I attempted some more mars transfers yesterday but couldn't find a window for under 4000 m/s, I used the trajectory optimisation tool to get my window on the 4th of April 2033. With extra fiddling on imfd i got it down to about 6000-7000 m/s. I was starting from only 200km above earth so theres alot of work to do just getting away and i'm reading again about aligning myself to mars on the ecliptic plane as i think i'm getting that wrong.

thanks for your patience! I'm kinda hooked on the mechanics of all this but i'm ashamed to admit its taking a while to get used to all the maths i've forgotten since school. Orbiter is an awesome educational tool!

 

[dgatsoulis]

For the same year, I am getting much better results with a departure on April 29th 2033 and an arrival on January 28th 2034.

The "outbound" (oV, aka heliocentric transfer dV ) is 2775 m/s and the "inbound" (iV, aka heliocentric encounter velocity) is 4376 m/s.

Even if you don't open the Orbit-Eject program, you can easily calculate the TMI burn ΔV. We know the transfer ΔV (ΔVtr=2275 m/s) and the altitude of the parking orbit (200km).

First let's find the escape velocity of the parking orbit:

[math] V_{esc} = \sqrt{\frac{2\cdot G\cdot M}{R+alt}} = 11014.58 \; m/s[/math]
Now let's find the Injection Velocity:

[math] V_{inj} = \sqrt{\Delta V_{tr}^2+V_{esc}^2} = 11358.77 \;m/s [/math]
To find the Injection Delta V, we simply subtract the orbital velocity of the parking orbit:

[math] V_{orb} = \frac{V_{esc}}{\sqrt{2}} = 7788.48\; m/s \;\;\;\;\;\; \Delta V_{inj} = V_{inj}-V_{orb} = 11358.77 - 7788.48 = \textbf{\underline{3570.29\; m/s}} [/math]
If you want to string it all in one equation:

[math] \Delta V_{inj} = \sqrt{\Delta V_{tr}^2+\frac{2\cdot G\cdot M}{R+alt}}-\sqrt{\frac{G\cdot M}{R+alt}}[/math]
Where ΔVtr is the heliocentric transfer delta v (m/s), G is the gravitational constant (m³/kg*s²) , M is the mass of the Earth (kg), R is the radius of the Earth (m) and alt is the altitude of the parking orbit (m).

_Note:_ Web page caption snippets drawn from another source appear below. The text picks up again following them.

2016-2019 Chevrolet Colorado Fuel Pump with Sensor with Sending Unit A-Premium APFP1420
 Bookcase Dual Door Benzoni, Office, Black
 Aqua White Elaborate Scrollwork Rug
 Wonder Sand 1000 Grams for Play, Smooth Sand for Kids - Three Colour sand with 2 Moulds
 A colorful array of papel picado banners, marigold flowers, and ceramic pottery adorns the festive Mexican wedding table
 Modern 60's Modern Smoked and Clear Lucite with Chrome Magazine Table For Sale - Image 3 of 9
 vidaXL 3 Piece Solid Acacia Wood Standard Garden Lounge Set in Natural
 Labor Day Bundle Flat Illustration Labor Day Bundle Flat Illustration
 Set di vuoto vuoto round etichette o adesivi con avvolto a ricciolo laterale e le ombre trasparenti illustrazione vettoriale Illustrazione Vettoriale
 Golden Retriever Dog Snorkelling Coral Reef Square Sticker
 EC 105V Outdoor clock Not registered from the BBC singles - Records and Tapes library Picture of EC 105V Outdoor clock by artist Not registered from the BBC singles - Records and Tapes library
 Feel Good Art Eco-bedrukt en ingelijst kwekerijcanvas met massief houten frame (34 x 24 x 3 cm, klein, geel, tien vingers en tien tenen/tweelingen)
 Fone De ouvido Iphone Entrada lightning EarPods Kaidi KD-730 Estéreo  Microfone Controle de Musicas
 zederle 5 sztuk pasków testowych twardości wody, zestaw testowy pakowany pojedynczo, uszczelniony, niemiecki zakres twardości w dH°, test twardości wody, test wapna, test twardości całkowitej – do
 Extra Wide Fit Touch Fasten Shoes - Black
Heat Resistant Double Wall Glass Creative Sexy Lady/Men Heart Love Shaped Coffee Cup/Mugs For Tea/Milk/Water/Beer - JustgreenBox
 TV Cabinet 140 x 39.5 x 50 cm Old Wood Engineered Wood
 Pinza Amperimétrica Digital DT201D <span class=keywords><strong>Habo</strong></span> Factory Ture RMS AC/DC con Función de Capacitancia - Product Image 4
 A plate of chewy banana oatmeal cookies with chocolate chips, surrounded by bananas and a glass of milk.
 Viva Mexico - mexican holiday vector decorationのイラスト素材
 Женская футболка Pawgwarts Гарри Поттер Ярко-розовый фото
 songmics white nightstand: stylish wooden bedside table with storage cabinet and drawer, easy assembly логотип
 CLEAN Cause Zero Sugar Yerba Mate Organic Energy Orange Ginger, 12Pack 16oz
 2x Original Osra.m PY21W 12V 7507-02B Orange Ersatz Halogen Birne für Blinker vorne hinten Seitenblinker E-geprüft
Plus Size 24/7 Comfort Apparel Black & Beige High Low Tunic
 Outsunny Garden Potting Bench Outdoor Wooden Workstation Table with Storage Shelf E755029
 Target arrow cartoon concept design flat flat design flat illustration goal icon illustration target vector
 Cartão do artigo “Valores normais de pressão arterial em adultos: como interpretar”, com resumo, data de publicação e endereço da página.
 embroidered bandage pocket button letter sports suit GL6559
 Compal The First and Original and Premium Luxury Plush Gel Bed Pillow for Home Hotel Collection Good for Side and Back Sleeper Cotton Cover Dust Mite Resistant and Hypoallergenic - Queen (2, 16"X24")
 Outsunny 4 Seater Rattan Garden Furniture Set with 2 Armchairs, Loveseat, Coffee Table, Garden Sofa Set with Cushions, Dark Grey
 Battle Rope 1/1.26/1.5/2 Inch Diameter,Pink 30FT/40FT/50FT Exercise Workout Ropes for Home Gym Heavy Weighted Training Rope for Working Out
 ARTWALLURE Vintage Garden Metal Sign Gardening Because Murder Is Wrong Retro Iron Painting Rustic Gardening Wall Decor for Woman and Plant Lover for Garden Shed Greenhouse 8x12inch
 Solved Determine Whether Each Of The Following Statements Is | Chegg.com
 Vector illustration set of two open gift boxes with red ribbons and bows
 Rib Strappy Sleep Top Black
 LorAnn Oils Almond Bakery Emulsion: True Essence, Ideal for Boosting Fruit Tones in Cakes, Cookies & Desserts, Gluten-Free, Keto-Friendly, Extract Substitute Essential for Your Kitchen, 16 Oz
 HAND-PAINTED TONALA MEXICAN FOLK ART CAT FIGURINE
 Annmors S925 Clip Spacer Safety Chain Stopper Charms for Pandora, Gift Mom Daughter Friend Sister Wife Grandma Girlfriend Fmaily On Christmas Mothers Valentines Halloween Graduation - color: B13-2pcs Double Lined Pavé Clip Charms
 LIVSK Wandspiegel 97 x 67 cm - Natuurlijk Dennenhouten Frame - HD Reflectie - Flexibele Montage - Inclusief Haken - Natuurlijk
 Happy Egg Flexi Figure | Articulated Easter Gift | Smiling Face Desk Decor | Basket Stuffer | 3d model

Of course, IMFD's Orbit-Eject program makes all those calculations for you:

(The small difference comes from the 0.03° R.Inc of my parking orbit, to the hypothetical injection trajectory).

Now that we know the TMI burn dV we can calculate the burn-time for your ship:

[math] T_{burn}=\frac{{242764} \cdot\ (1-e^{-\frac{3571}{9993}})\cdot 9993}{810000}=899.76 \; seconds [/math]
(If you don't want to do the math, you can use BurnTimeCalc MFD)

I'd start ~2.5 days earlier from the date of the Interplanetary Course program and brake the burn into at least 3 periapsis kicks. The first two would be 1500 m/s each, bringing the spacecraft back at the periapsis of the third pass 2.42 days later.

You could even go for 5 kicks of ~700 m/s each. It would add less than half a day.